Re: ExtractTNEFAttachments: (was Re: ListenSMTP processor)

2016-08-09 Thread Andre
Hi Joe,

I am aware of it, reason I called it out openly so if someone can try to
assist.

In the past, I have used created content within the junit or crafted it
within my lab, but in the case of TNEF I could not find a way of creating
the files (POI does not have this ability and outlook seems convinced to
create proper HTML attachments).

As consequence I reached to the files stored in here:

https://svn.apache.org/repos/asf/poi/tags/REL_3_14_BETA1/test-data/hmef/

I also checked their NOTICE or LICENSE files but no references, nor are the
the samples mentioned within their maven profiles. Not ideal but so far the
best I could find so far. Worse thing comes, we restrict the test units to
an invalid content, at least we will know it fails safely. :-)

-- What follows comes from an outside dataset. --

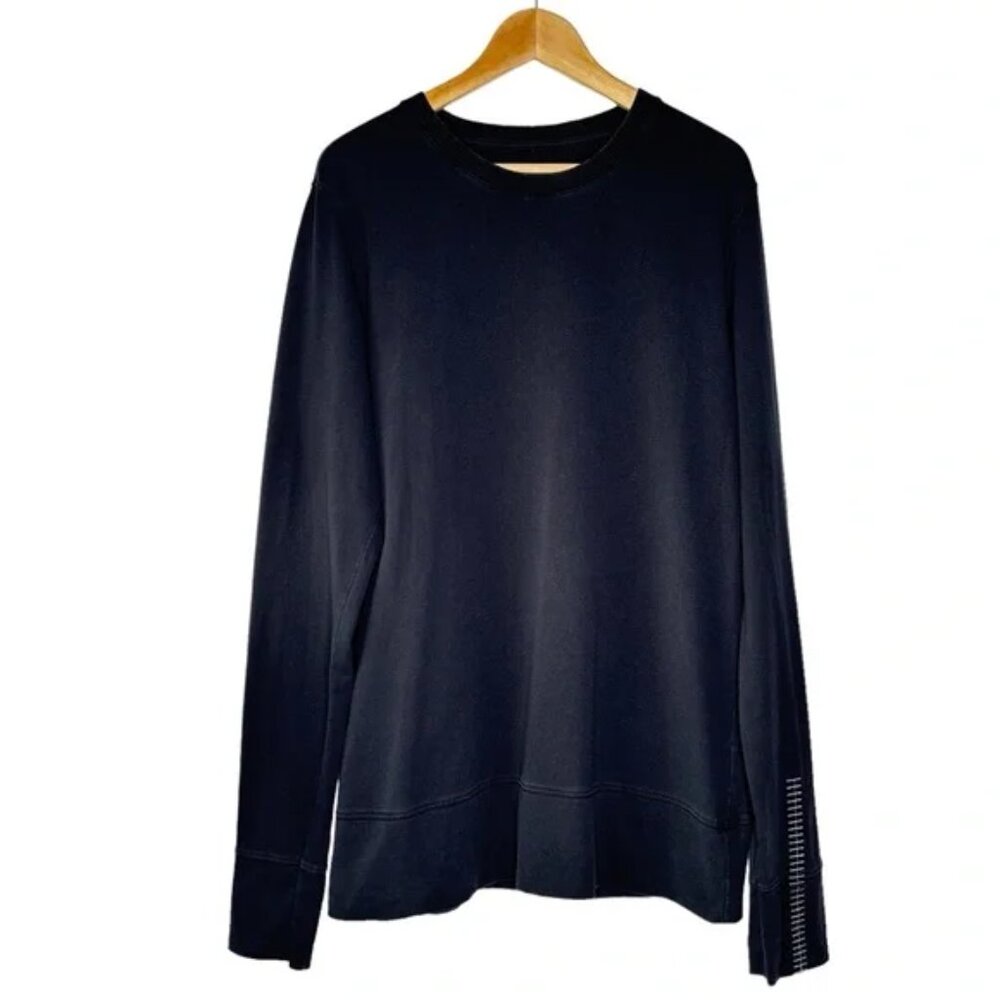 Thom/Krom Washed Out Black Crew Neck Long Cotton Sweatshirt Size M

Hope this helps to clarify.

On Tue, Aug 9, 2016 at 11:19 PM, Joe Witt <joe.w...@gmail.com> wrote:

> Andre
>
> We cannot copy source material even for testing unless we fully and
> properly account for licensing and notice concerns.
>
> Thanks
> Joe
>
> On Aug 9, 2016 8:25 AM, "Andre" <andre-li...@fucs.org> wrote:
>
> > All,
> >
> > PR817[1] introduces an winmail.dat extractor.
> >
> > Following people's feedback, I created a separate processor to handle the
> > TNEF attachments.
> >
> > This means the typical deployment will look like:
> >
> > (ListenSMTP || GetPOP3) --> ExtractEmailAttachments --> RouteOnAttribute
> > [filename=winmail.dat] --> ExtractTNEFAttachments
> >
> >
> > Since I could not generate a TNEF (where are the winmail.dats when you
> need
> > them?!?!) I ended up using the TNEFs available on POI's upstream test
> > units. winmail.dat donations to improve the test unit coverage are
> > welcome...
> >
> > Please test, once you confirm this is working I will be happy to create a
> > processor to extract and parse TNEF body and mapi Attributes as well.
> >
> > Cheers
> >
> > [1]https://github.com/apache/nifi/pull/817/commits
> >
> > On Mon, Jul 25, 2016 at 1:57 AM, Toivo Adams <toivo.ad...@gmail.com>
> > wrote:
> >
> > > I support Oleg opinion.
> > > Do one thing and do it well.
> > >
> > > Thanks
> > > Toivo
> > >
> > >
> > >
> > > --
> > > View this message in context: http://apache-nifi-developer-
> > > list.39713.n7.nabble.com/ListenSMTP-processor-tp10510p12891.html
> > > Sent from the Apache NiFi Developer List mailing list archive at
> > > Nabble.com.
> > >
> >
>


Re: ExtractTNEFAttachments: (was Re: ListenSMTP processor)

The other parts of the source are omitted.